- WORK INSTRUCTIONS: Pictures aside, write out the data exactly as it reads.

### GIVEN INFORMATION

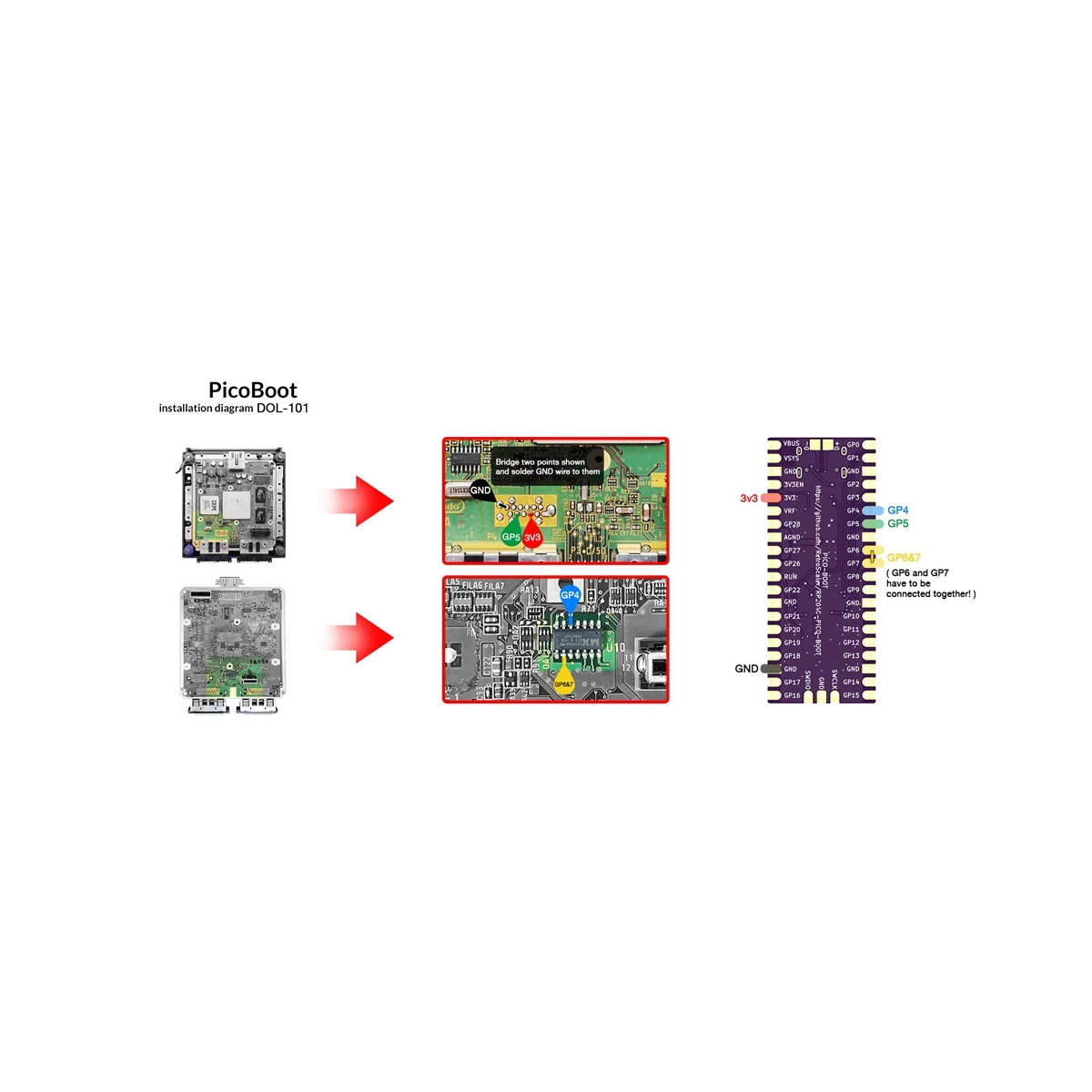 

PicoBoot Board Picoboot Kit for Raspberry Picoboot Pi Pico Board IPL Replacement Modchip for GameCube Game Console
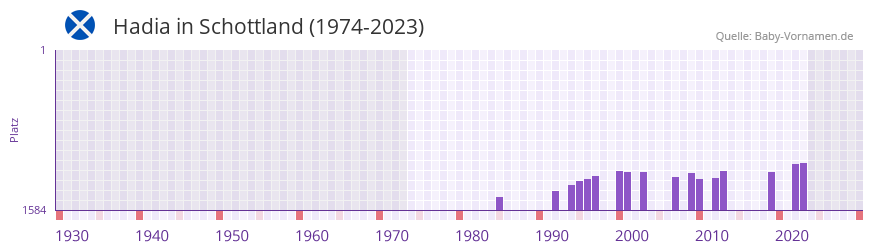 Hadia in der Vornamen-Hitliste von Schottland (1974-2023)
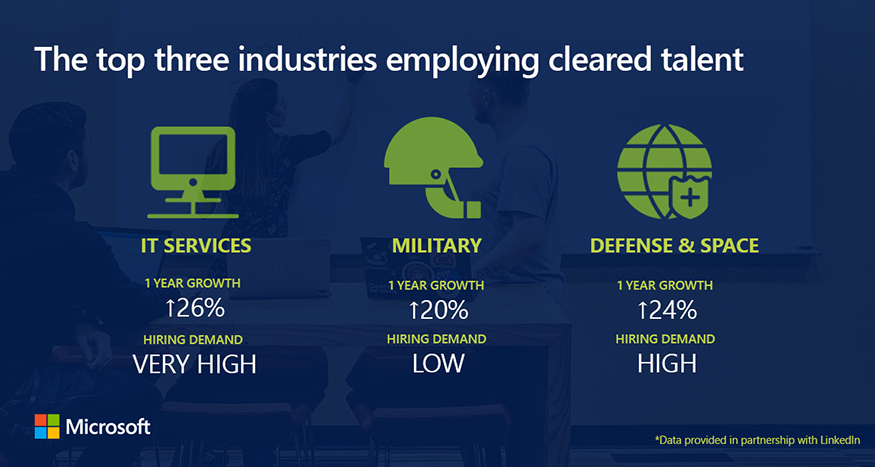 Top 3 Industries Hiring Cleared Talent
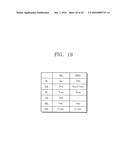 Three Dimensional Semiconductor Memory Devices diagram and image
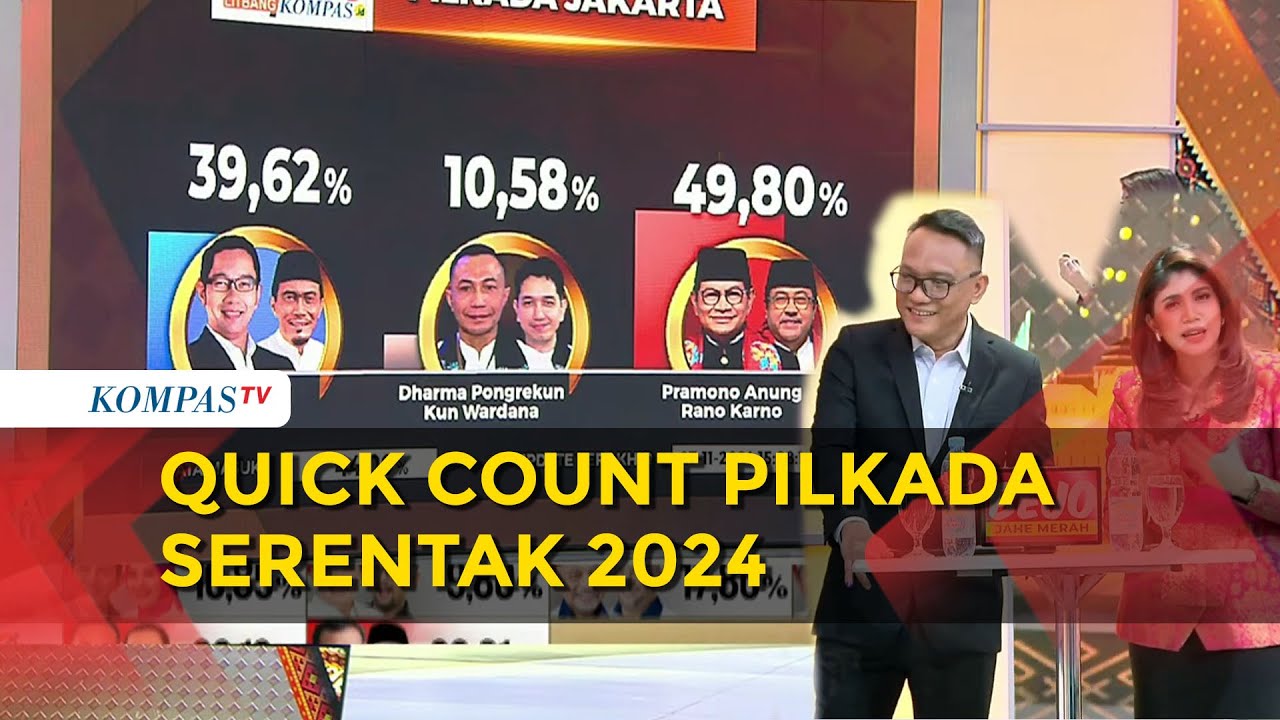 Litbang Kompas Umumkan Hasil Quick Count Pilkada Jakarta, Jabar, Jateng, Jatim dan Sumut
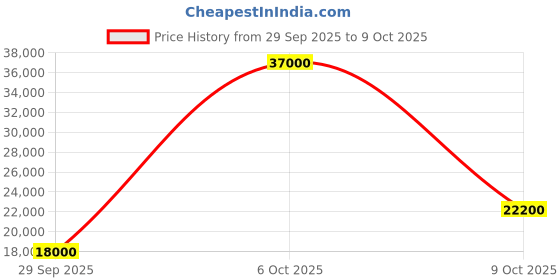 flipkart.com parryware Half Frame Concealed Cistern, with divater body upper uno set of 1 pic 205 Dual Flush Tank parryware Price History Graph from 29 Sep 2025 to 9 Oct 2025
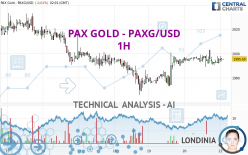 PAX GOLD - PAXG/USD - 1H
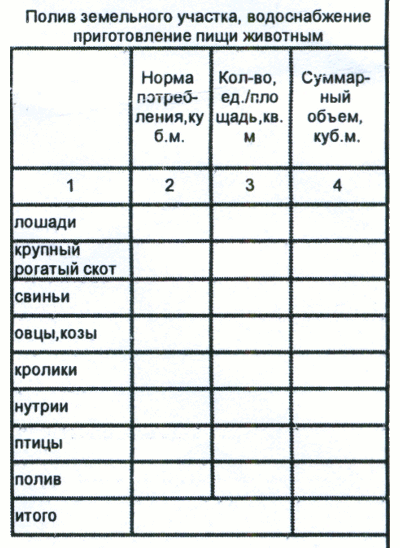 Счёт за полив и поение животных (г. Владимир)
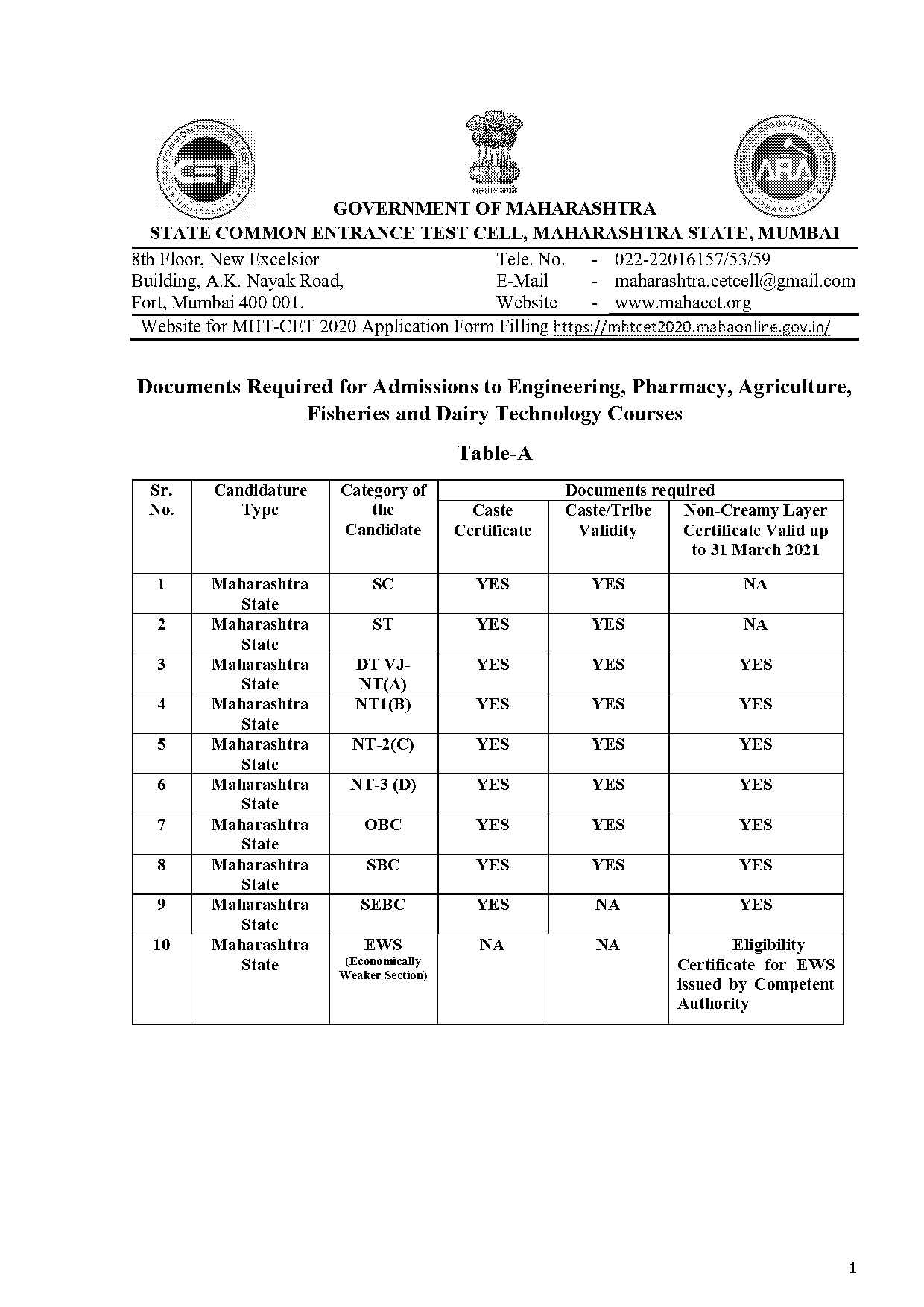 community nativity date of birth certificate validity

######

- PROBLEM SOLUTION:
PicoBoot Board Picoboot Kit for Raspberry Picoboot Pi Pico Board IPL Replacement Modchip for GameCube Game Console
 Hadia in der Vornamen-Hitliste von Schottland (1974-2023)
 Top 3 Industries Hiring Cleared Talent
 Three Dimensional Semiconductor Memory Devices diagram and image
 Litbang Kompas Umumkan Hasil Quick Count Pilkada Jakarta, Jabar, Jateng, Jatim dan Sumut
 flipkart.com parryware Half Frame Concealed Cistern, with divater body upper uno set of 1 pic 205 Dual Flush Tank parryware Price History Graph from 29 Sep 2025 to 9 Oct 2025
 PAX GOLD - PAXG/USD - 1H
 Счёт за полив и поение животных (г. Владимир)
 community nativity date of birth certificate validity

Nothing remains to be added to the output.